Fins is the kind of place where you don’t feel silly putting a wedge of lime in the neck of your beer bottle. And in the middle of winter, the tropical murals of palm trees, sunny beaches and colorful birds can warm you up, or failing that, send you to your travel agent for tickets to Cabo.
There are outdoor tables as well, and the bar side of the restaurant has its shutters open to O’Donnell Square for a nice hacienda feel.
Anyhow, you can certainly satisfy your Margaritaville yearnings at Fins, and you can also get some good food.
As you would expect, the place specializes in seafood—so naturally, when we stopped in for lunch recently, one of us ordered the meatloaf.

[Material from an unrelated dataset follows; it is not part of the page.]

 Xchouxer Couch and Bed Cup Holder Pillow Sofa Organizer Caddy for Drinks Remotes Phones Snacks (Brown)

The meatloaf—nicely baked, soft and tasty, with a good crust and a generous ladling of mushroom gravy—is proof that Fins does well with dishes that don’t have fins. It came with mashed potatoes, as meatloaf always should, and corn for $12.99, and there was a good half-pound of meatloaf on the plate. If you are craving red meat but you are not in the mood for a burger and can’t afford a steak, the meatloaf might hit the spot.
We also tried the tuna grinder, which is much better than it sounds. Here’s how you make one–you make an Albacore tuna salad with red onions, celery, and seasonings including a whiff of Old Bay, and you put two big scoops of it on a soft sub roll. Put a big slice of Provolone cheese on each scoop, and put the whole thing under the broiler until the cheese melts and the tuna gets a little brown. Serve it with fries on the side. “It’s a lot like a crab cake sandwich,” said Mary Helen, who was quite happy with her choice, and especially with the price, which was only $8.

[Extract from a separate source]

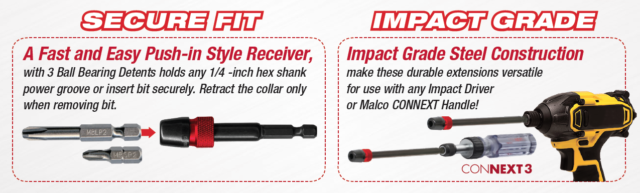 Impact Grade Quick Change Extension Bits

I got another special, a flatbread studded with andouille sausage, the hot and spicy kind, and sun dried tomatoes ($10.99). Flatbreads are just like pizzas, but a little smaller, amorphously shaped, without tomato sauce and with a thinner, crisper crust. Pizza has fallen out of style in foodie circles, but flatbread is all the rage. This one was delicious. The Andouille sausage was salty and the tomatoes were sweet, and holding the whole thing together was a layer of grated and melted fontina cheese. It would be great with a glass of chilled wine, or a cold beer with a lime in the neck of the bottle. Either way.
Fins is one of those restaurants that you can go to on a whim–it offers something to satisfy just about everyone in your group, as long as they’re not aggressively vegetarian. There’s the penne with tomato sauce and fresh basil ($10), and the French onion soup ($6), and that’s about it for hot food.

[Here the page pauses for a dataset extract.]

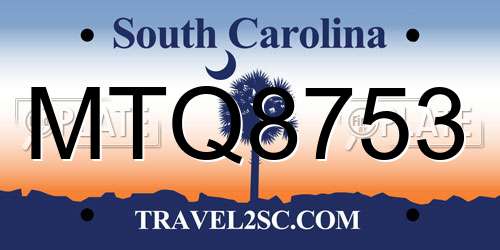 MTQ8753 South Carolina License Plate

The appetizers look great—fried oysters with a jalapeño lime aioli, fried conch with lemon chili sauce, coconut shrimp, etc. Get a few of those in mid-January and dream of Key West. Oh, and Fins serves steamed shrimp, as good bars should. You can get their version, cooked in a broth, or the good old traditional Baltimore way with onions and Old Bay.
We had lunch for three, and got out of there for $37.36 including tax. The tip brought the bill to about $15 a person.
Fins, 2903 O’Donnell St. in O’Donnell Square, is open daily 11 a.m.-2 a.m.